When his mother Mary was
betrothed to Joseph, but before they lived together, she was found with child
through the Holy Spirit. Joseph her
husband, since he was a righteous man, yet unwilling to expose her to shame,
decided to divorce her quietly.
Such was his intention when,
behold, the angel of the Lord appeared to him in a dream and said, “Joseph, son
of David, do not be afraid to take Mary your wife into your home. For it is through the Holy Spirit that this
child has been conceived in her. She
will bear a son and you are to name him Jesus, because he will save his people
from their sins.”
All this took place to
fulfill what the Lord had said through the prophet: Behold, the virgin shall conceive and bear
a son, and they shall name him Emmanuel, which means “God is with us.”
When Joseph awoke, he did as
the angel of the Lord had commanded him and took his wife into his home.
Sunday’s Gospel passage sets the stage for the
Nativity. Its focus is Saint Joseph, and
his vocation as the foster-father of Jesus. Consider Joseph’s vocation in light of the two
names by which his foster-child is described here: Jesus and Emmanuel.
The name “Jesus” means “God saves”, while “Emmanuel” means “God with us”. Taken together they dispel
two contrary beliefs: that God will save
us only from a distance; and that God comes into our midst only to condemn
us. Instead, these two names together
confirm that God is with us in order to save us.
In Joseph’s dream, the angel of the Lord commands two things of Joseph. The first is not to be
afraid to take Mary… into [his] home. The second is to name [Mary’s son] Jesus.
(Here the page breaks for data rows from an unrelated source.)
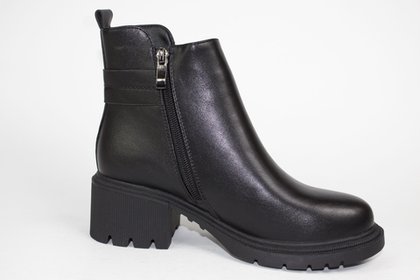 Ботинки женские демисезонные Qiya арт. B9026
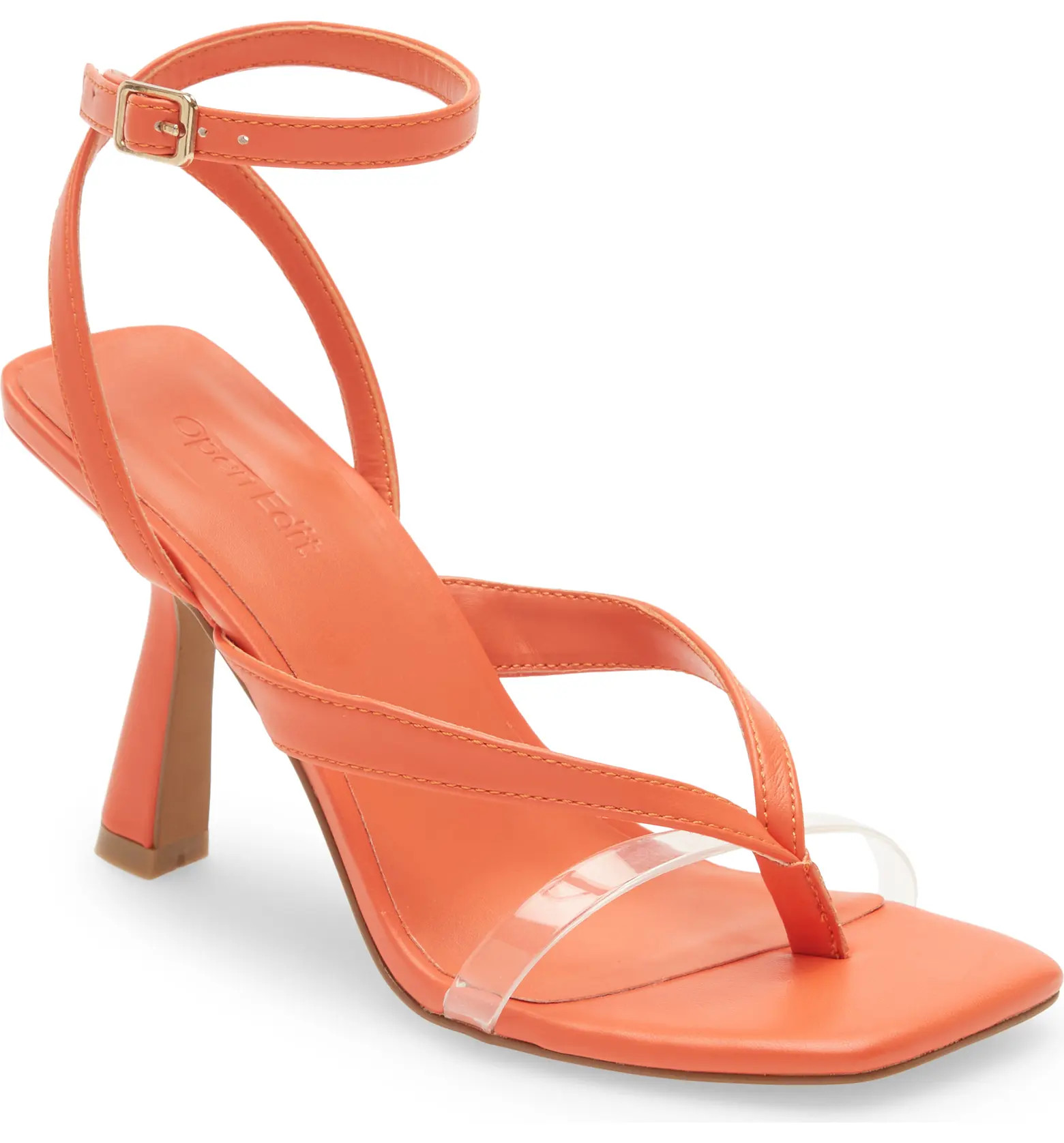 Addison Ankle Strap Sandal (Women) | Nordstrom Rack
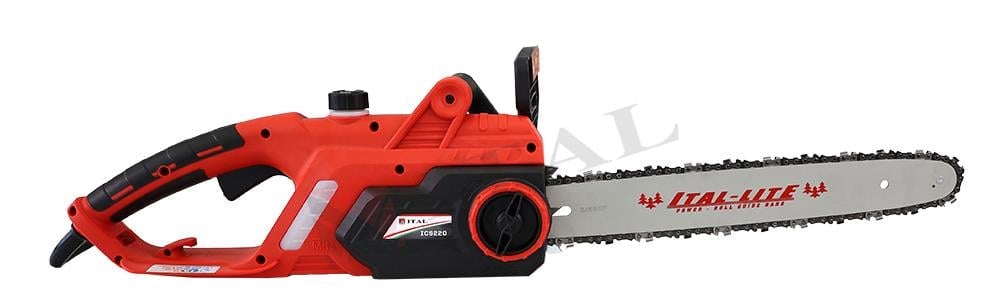 Ital ICS220 Elektrikli Testere (2200W)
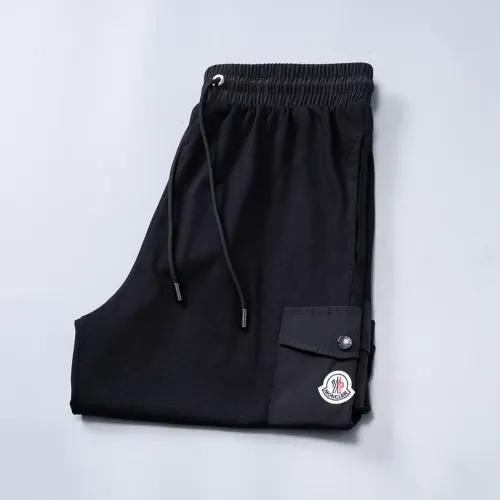 Replica Moncler Pants For Men #1464820 $27.00 USD for Wholesale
Both of these commands imply acceptance. Generally, they imply acceptance of God’s
providential Will. Specifically, they
imply acceptance of Mary and Jesus as his own.
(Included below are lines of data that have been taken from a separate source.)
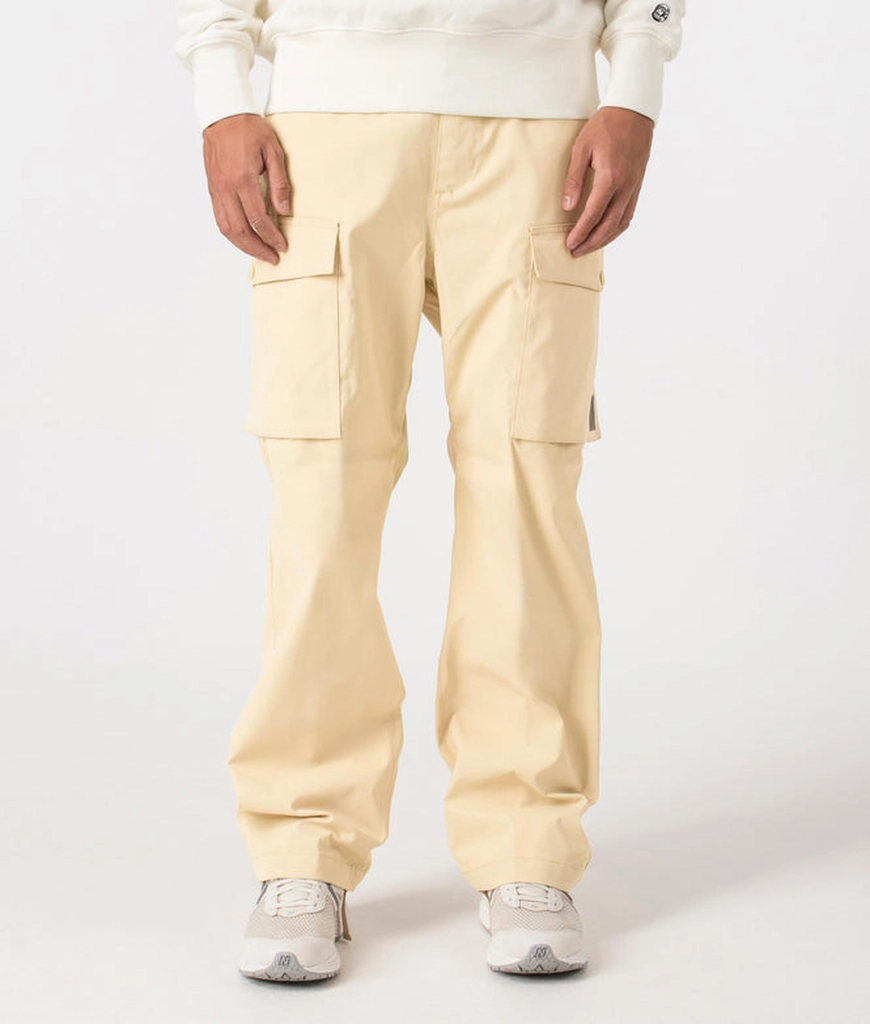 Carhartt WIP Mens Relaxed Fit Balto Cargo Pants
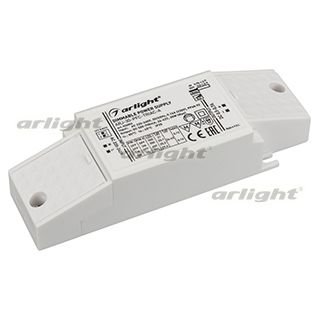 Блок питания ARJ-30-PFC-TRIAC-A (30W, 500-700mA) (Arlight, IP20 Пластик, 5 лет) Arlight 26052 Блок питания ARJ-30-PFC-TRIAC-A (30W, 500-700mA) (Arlight, IP20 Пластик, 5 лет) Arlight 26052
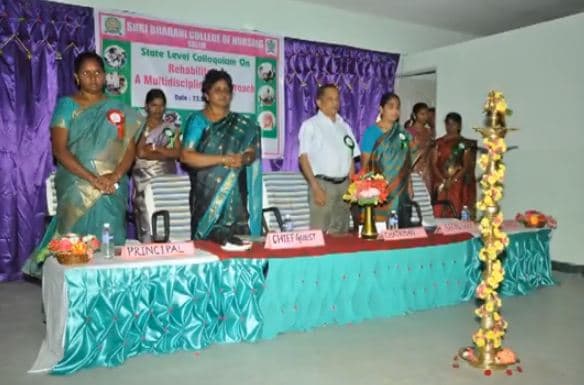 Shri Bharani College of Nursing Salem Event photo 4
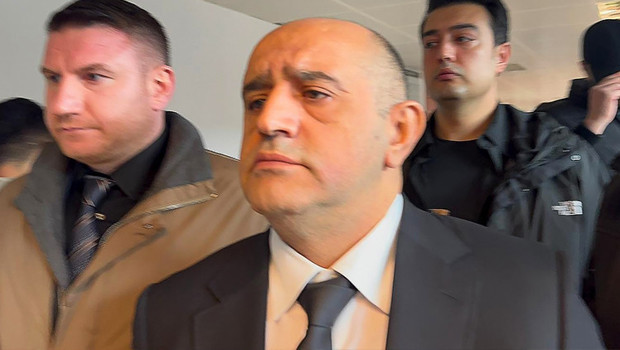 Aziz İhsan Aktaş'ın 22 yaşındaki oğlu savunma yaptı: Şirketi kendim kurdum ve yönetiyorum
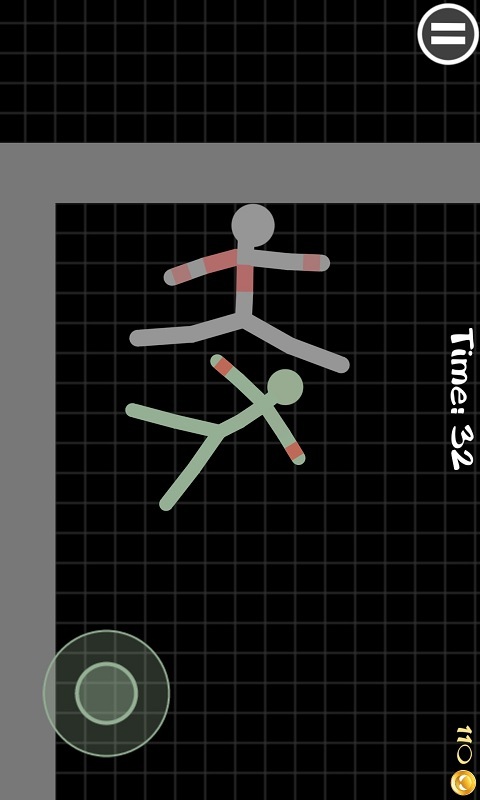 UFB火柴人格斗免费版截图2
In spite of the apparent shame caused by Mary—because she
accepted God’s Will at the Annunciation—God calls Joseph to protect Mary as her
husband, and to stand with her in accepting with patience the unfolding of
God’s Providence.
In spite of Mary’s apparent betrayal of her
betrothal to Joseph, God calls Joseph to name Mary’s son. This act itself, independent of the name
Joseph would give the child, is significant.
This act had legal significance in the culture of Joseph, and by this
act, Joseph would have been claiming the child as his own. With this claim, Joseph undoubtedly would
have invited shame upon himself, as many would have seen this act as an
admission that he had fathered a child outside of a fully ratified marriage.
Part of the irony of this passage, then, is that
Mary and Joseph, by their submission to God’s providential Will, foreshadow the
life of Jesus. Mary and Joseph are
scorned and cast aside as sinners precisely because of their faithfulness to
what God wants to accomplish in Christ. Jesus
will not only be rejected as a sinner on Calvary: in the words of Saint Paul, He will be made
sin, so that we might become the righteousness of God in him [2 Corinthians 5:21].